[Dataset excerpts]
_____

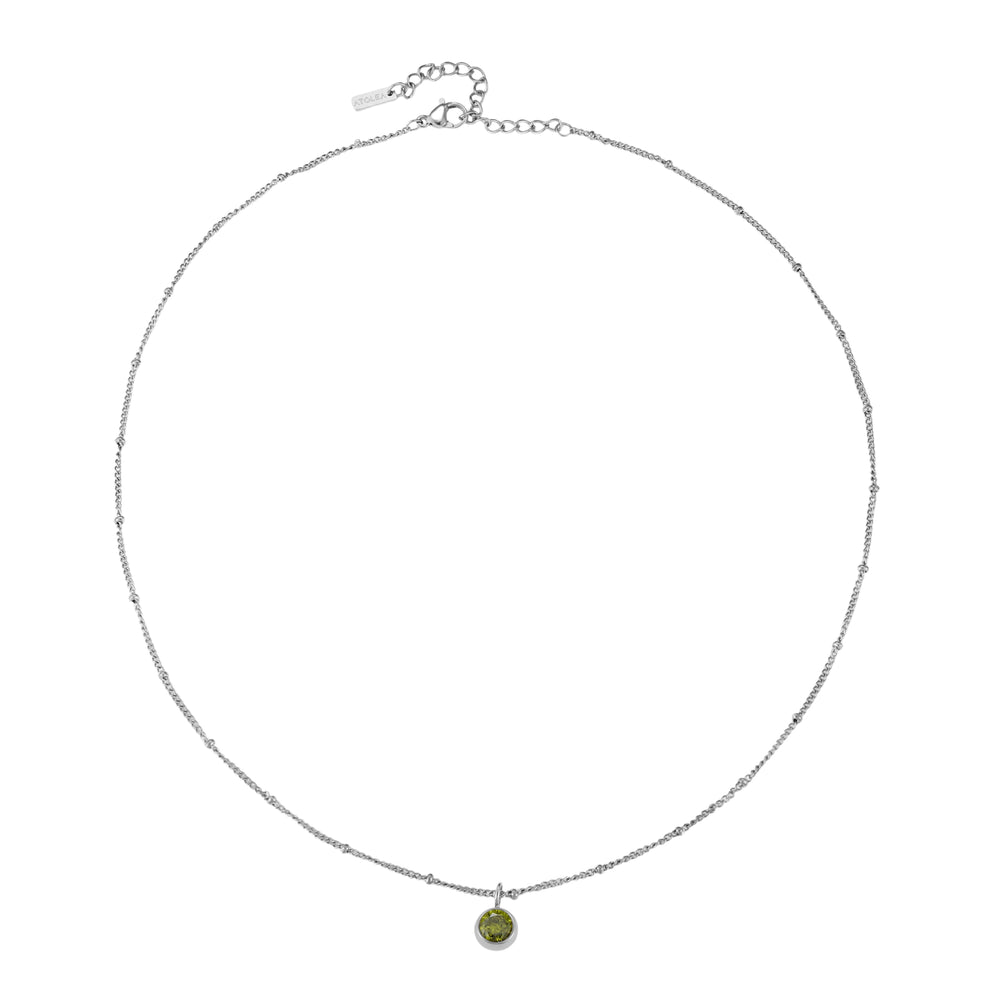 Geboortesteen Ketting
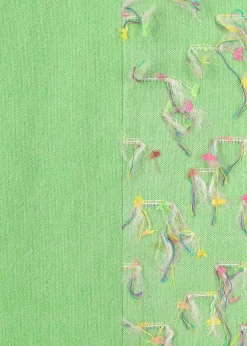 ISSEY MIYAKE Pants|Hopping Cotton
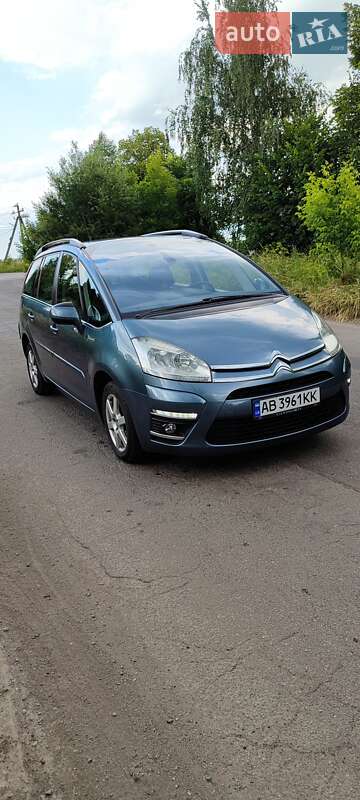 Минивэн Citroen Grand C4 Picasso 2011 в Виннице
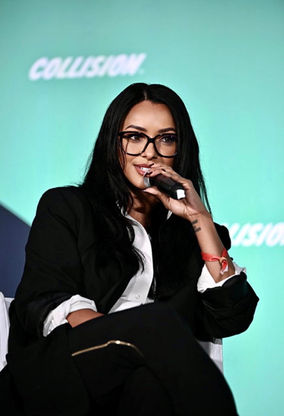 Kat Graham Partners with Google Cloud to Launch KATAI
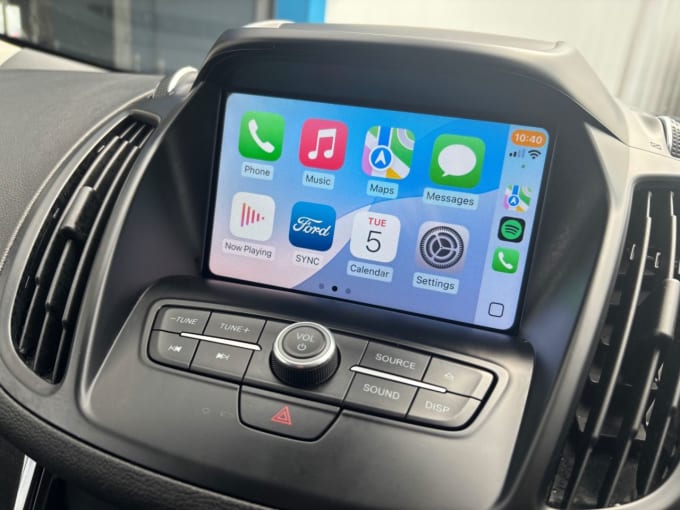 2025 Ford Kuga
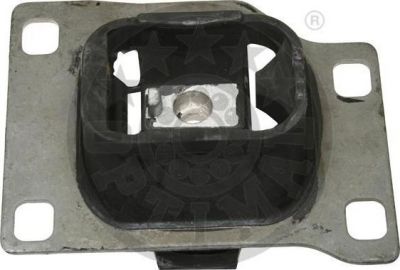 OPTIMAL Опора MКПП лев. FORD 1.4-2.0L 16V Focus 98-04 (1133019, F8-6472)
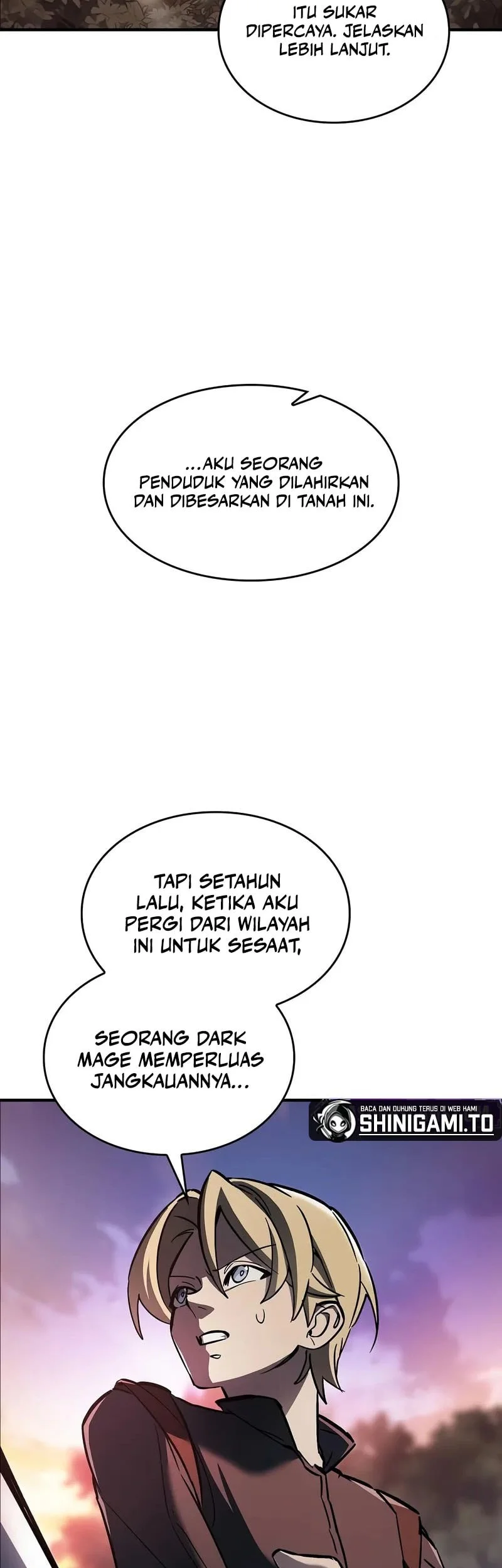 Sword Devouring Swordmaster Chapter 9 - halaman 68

_____

• [THE PROBLEM]
Exactly the lines from the one containing "2025 Ford Kuga" to the final line of the entries are wanted; please write them out, both ends included, but not the pictures.

• [RESULT BELOW]
 2025 Ford Kuga
 OPTIMAL Опора MКПП лев. FORD 1.4-2.0L 16V Focus 98-04 (1133019, F8-6472)
 Sword Devouring Swordmaster Chapter 9 - halaman 68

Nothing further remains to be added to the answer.